### STORED DATA
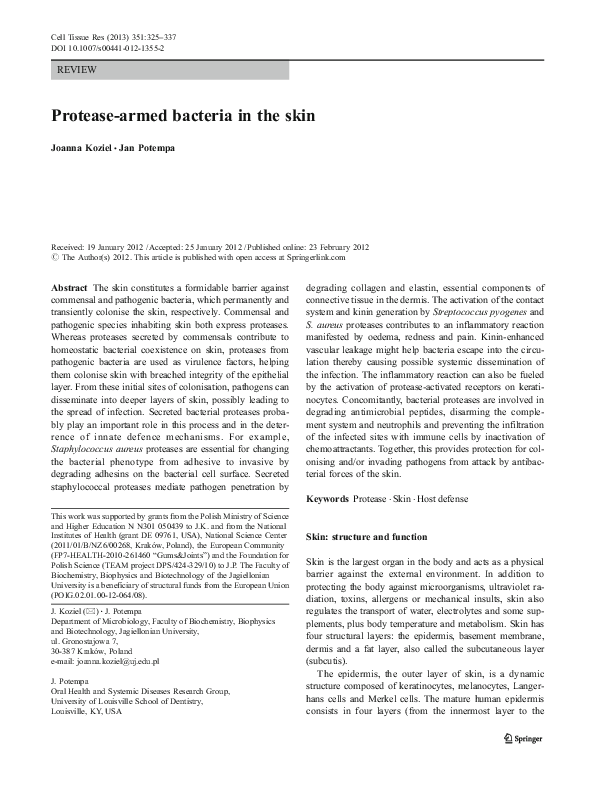 Protease production from bacteria image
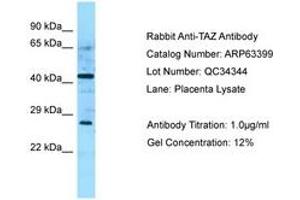 Image no. 1 for anti-Tafazzin (TAZ) (AA 192-241) antibody (ABIN6749979) (TAZ Antikörper  (AA 192-241))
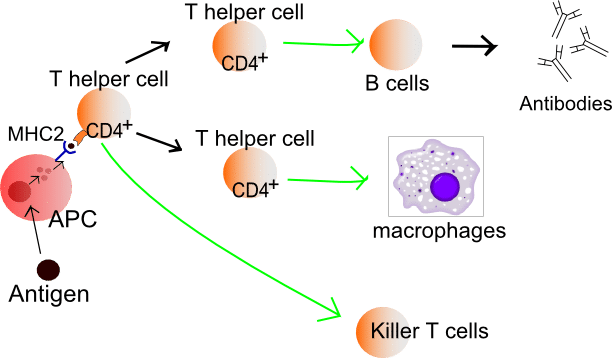 T Cells Production Of T Cells Types Of T Cells Teachmephysiology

### INSTRUCTIONS TO FOLLOW
The output is the data above, repeated exactly, with pictures omitted.

### EXERCISE RESPONSE
 Protease production from bacteria image
 Image no. 1 for anti-Tafazzin (TAZ) (AA 192-241) antibody (ABIN6749979) (TAZ Antikörper  (AA 192-241))
 T Cells Production Of T Cells Types Of T Cells Teachmephysiology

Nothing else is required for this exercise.